どのようにすれば、見る人に恐怖心を与えられるかが、理解できるようになります。
絵画のような綺麗な映像と音楽が恐怖心を煽っています。
左右対称であり、バランスが取れている構図は、自然的ではなく、不自然ですが、権威を強調し、見る人を威圧し、恐怖心を与えています。
国会議事堂や東京都庁も左右対称であり、バランスが取れている状態なので、権威を強調し、見る人を威圧し、恐怖心を与えているということです。
目で見えている世界と鏡に映る世界を印象的に分けることで、恐怖を煽ってきます。
ストーリーは、時系列が前後することはないので、理解しやすいですが、理解できない映像が挿入され、恐怖心を煽ってきます。
登場人物は多くはなく、ブレることはなく、設定が明確なので、理解しやすいです。
理解できない人を登場させることにより、恐怖心を煽ってきます。
主人公を理解できないので、観る人は、恐怖心を抱きます。
いじめ、パワハラ、セクハラと同じです。
いじめ、パワハラ、セクハラを受ける人は、いじめ、パワハラ、セクハラを行う人を理解できないので、恐怖心を抱くのと同じことです。
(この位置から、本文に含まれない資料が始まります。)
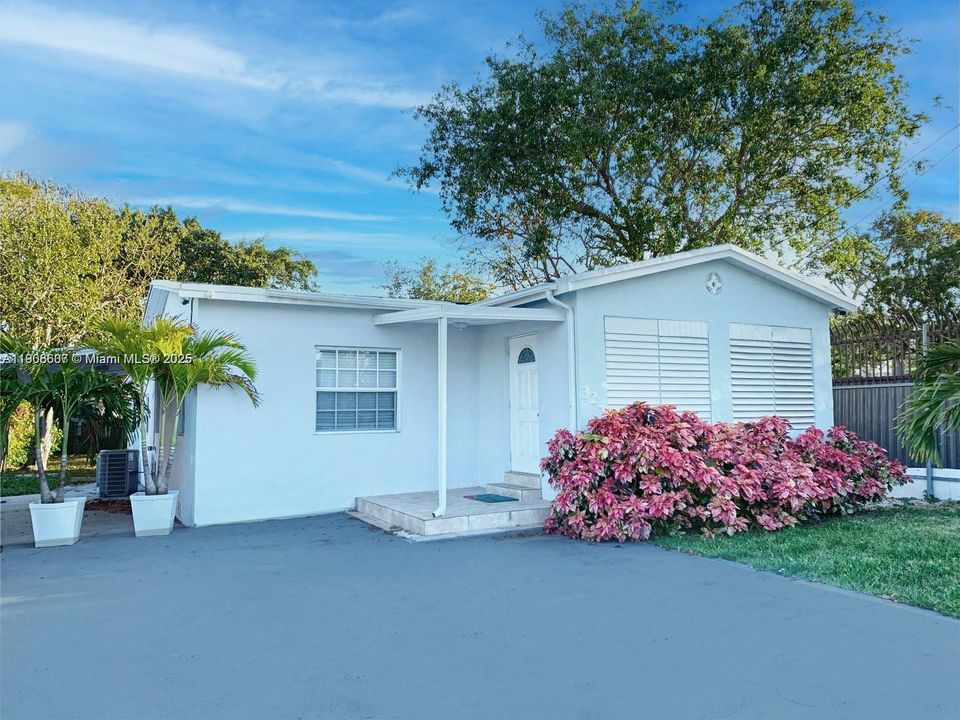 合同活跃: $4,275 (4 贝兹, 3 浴室, 2000 平方英尺)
いじめ、パワハラ、セクハラを行う人は、主人公のことを理解できるので、恐怖心は感じないでしょう。
主人公に感情移入すると、仕事のストレス、仕事しかないという孤立感、アルコール依存症により、徐々に狂気を帯びていくことを感じることができます。
主人公の妻に感情移入すると、より恐怖心を感じるということです。
主人公の息子に感情移入すると、息子の持つ超能力を理解できないので、分からない映画に感じるでしょう。
主人公のモデルは、原作者のスティーヴン・キング自身です。
スティーヴン・キングは、教師になり、小説を書く時間がなくなり、アルコール依存症で、コロラド州ボルダーに移り住み、コロラドを舞台とした「シャイニング」を書きます。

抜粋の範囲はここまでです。